How this is useful: Now that we know which campaigns aren’t doing as well as they could, we can rapidly dig down into the treemap to discover which landing pages we should work on first. The /desktop-trial and /data watch-tableau pages receive the most incredible traffic in ALL campaign groups, yet consistently high bounce rate. That page undoubtedly needs to be improved.
4. Heat Matrix
As a PPC or marketing manager, we frequently need to compare comparable elements, such as when particular keywords are used together or whether pages or items are associated with one another. To swiftly gain insights from enormous data, we can utilize a Heat Matrix with conditional formatting.
How this is useful: We utilize a heat matrix to rapidly discover the pages that certain visitors are clicking through to learn more about our two landing pages with a high bounce rate. Users appear to return to the homepage as well as the products section in this situation. More product area callouts might help to lower the bounce rate.
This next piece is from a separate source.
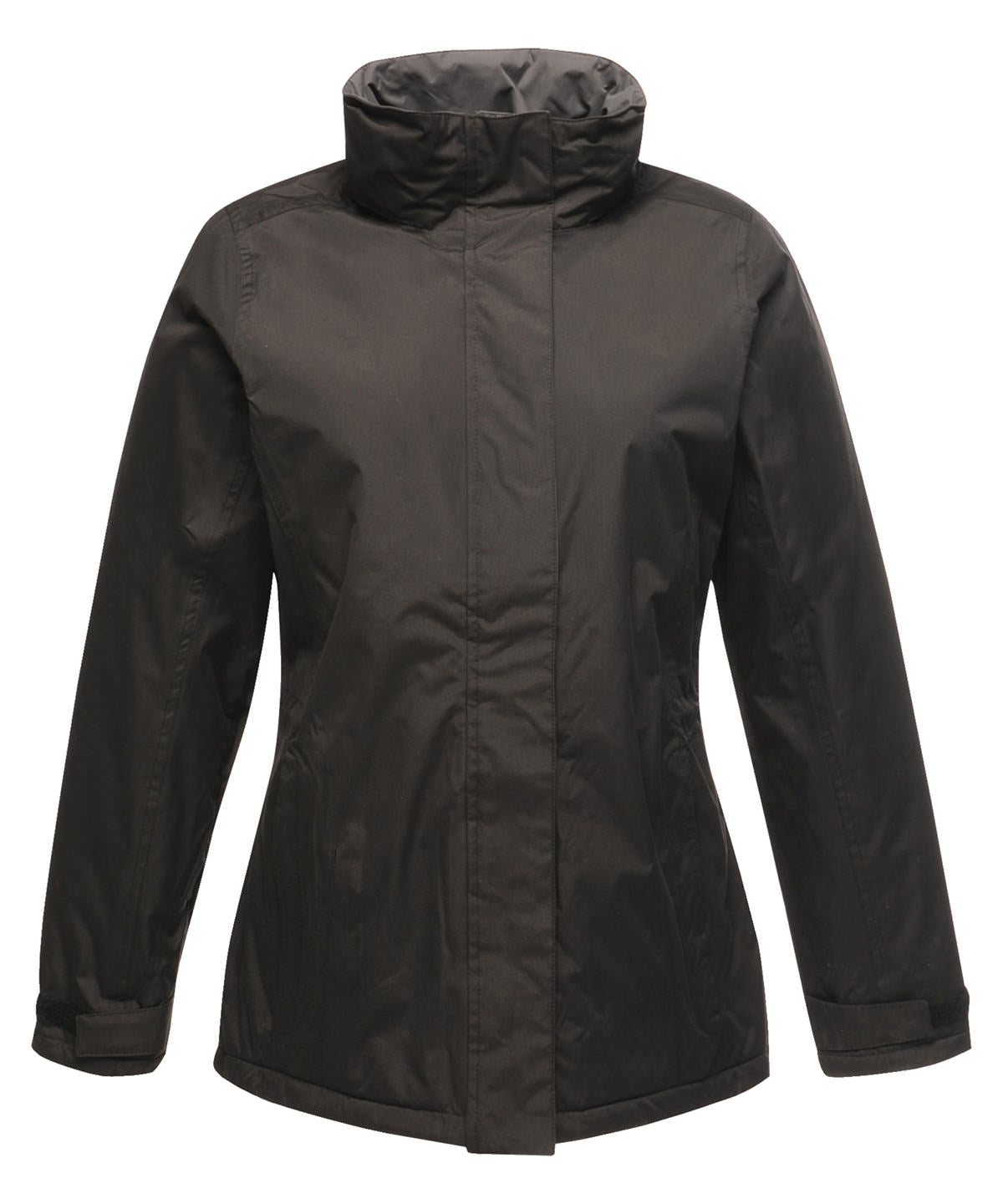 Women's Beauford insulated jacket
5. Intelligent Notifications
The holy grail is having technology that provides the WHAT and WHEN and assists in immediately comprehending WHY. Alerts are included in many systems, including Google Analytics. While Google’s warning system utilizes straightforward algorithms (traffic is up or down by 20% or more), more advanced methods, such as Metric Insights, examine the significance of the spike concerning new events, time of the week, and other factors.
Final words
Depending on the scale of your website, data sets in marketing, such as those including keywords, can number in the millions. In contrast to a giant spreadsheet that you’d study over for hours, good visualization may distill your data into a graph you can grasp almost at a glance.
As an example, consider keyword data. Let’s say you want to cut down on your PPC spending. Start by comparing PPC traffic from specific keywords to organic search ranks for those phrases.
It would be difficult to extract the data and discover possibilities to enhance your strategy if you looked at all the phrases you rank for organically and how much PPC you have spent on those keywords on a spreadsheet.
A graph depicting the same data allows you to evaluate which terms offer the most potential for reducing PPC spending and moving focus to organic search strategy.